Luckily so far I've never seen anyone argue about this one: we all know we're dealing with undefined behavior and that it's bad. Things get a bit more tricky when the example is not so trivial.

C's abstract machine

In a way, C and C++ describe a "virtual machine". This is what the standard defines: what kind of operations are valid in this VM. This VM resembles an old single-thread mono-processor architecture. Most often, the code will run in a modern architecture that will resemble very little the design of C's VM. "New" features (like caching, vectorization, atomics, pipelining, etc) implemented by the target architecture make the process of mapping our code (in the VM that C defines) much more difficult. The compiler needs to map instructions in C's simple architecture to a much (*MUCH*) more complex design. To do that, it needs to analyze the code to guarantee certain constrains are met.

Let's see how these constrains and undefined behavior relate to each other with this snippet:

template <typename T>
bool always_true(T x) {
return (x < x+1);
}

From a math perspective, and assuming that T is a numeric type, always_true should always return true. Is that the case for C's virtual machine?

If we call always_true with a type like "unsigned int", then x+1 may overflow and wrap around. This is fine because unsigned int's are allowed to wrap around. What happens if instead we use a signed type? Things get more interesting.

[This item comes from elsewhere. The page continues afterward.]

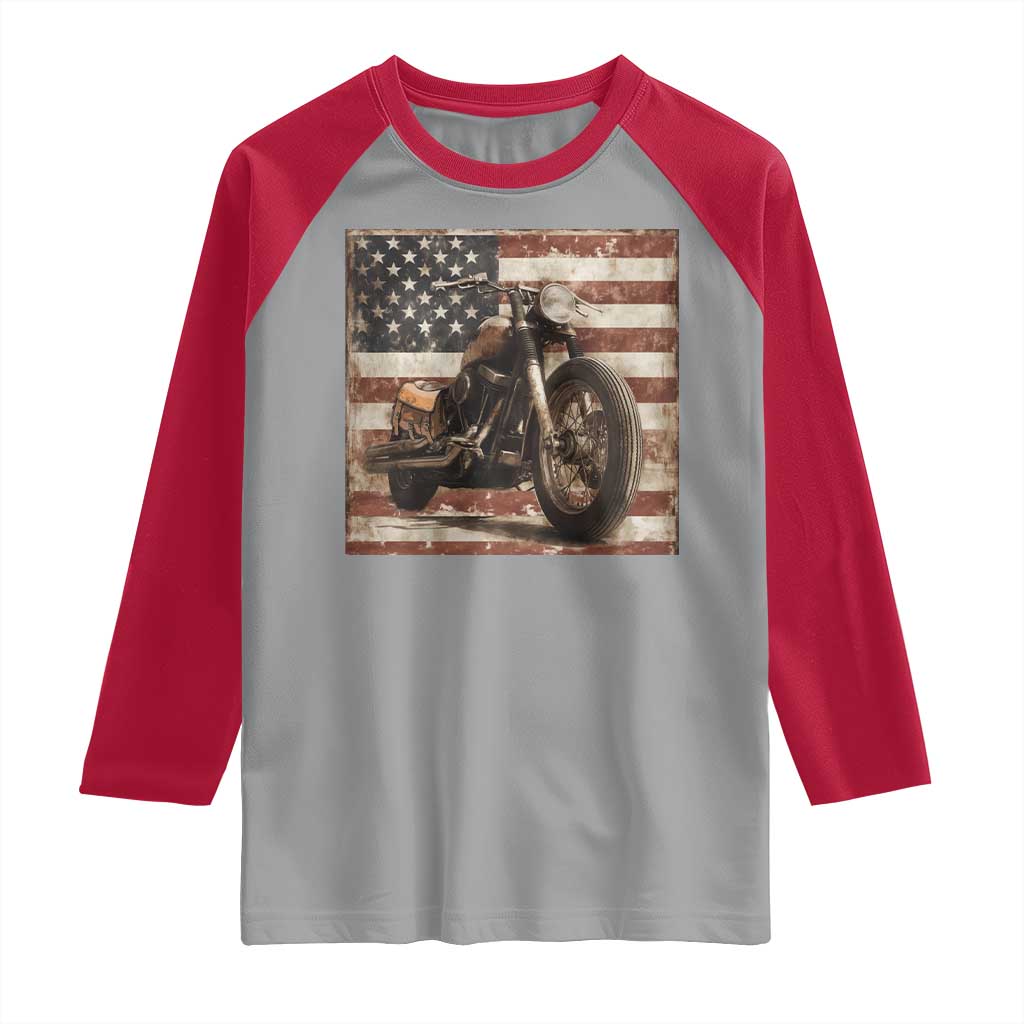 American Flag Motorcycle Raglan Shirt Vintage Retro Biker USA 4th of July - Wonder Print Shop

Signed types are not allowed to overflow. If they do, the standard says the behavior is undefined. And the standard also says that our program can not invoke undefined behavior. This is a very important phrase: the standard says undefined behavior can NOT occur. There is no "if it does": it just can't, so the compiler will assume that UB will never happen. What if it does happen? Nasal demons, that's what!

Knowing that UB can't happen, and in our example above, the compiler can assume that x+1 will never overflow. If it will never overflow, (x<x+1) will always be true.

The compiler, by analyzing our program, can detect what conditions might trigger undefined behavior. By knowing that undefined behavior is not allowed, it can assume those conditions will never happen. That's why, for the sample above, any optimizing-compiler will just produce code similar to "return true", at least for -O2.

Undefined behavior is not (only) to make programmer's lives miserable, it actually is needed to create optimizing compilers.

3 comments:

  1. "From a math perspective, and assuming that T is a numeric type, always_true should always return true"

    return (x > x + 1 ) always returns true !!!

    Are you kidding me ?

    ReplyDelete
  2. […] And another explanation here : https://monoinfinito.wordpress.com/2016/06/02/c-why-is-undefinedness-important/ […]

    ReplyDelete
  3. That's a very trollish way of saying "careful with typos" but thanks for reporting nonetheless, anon. Fixed.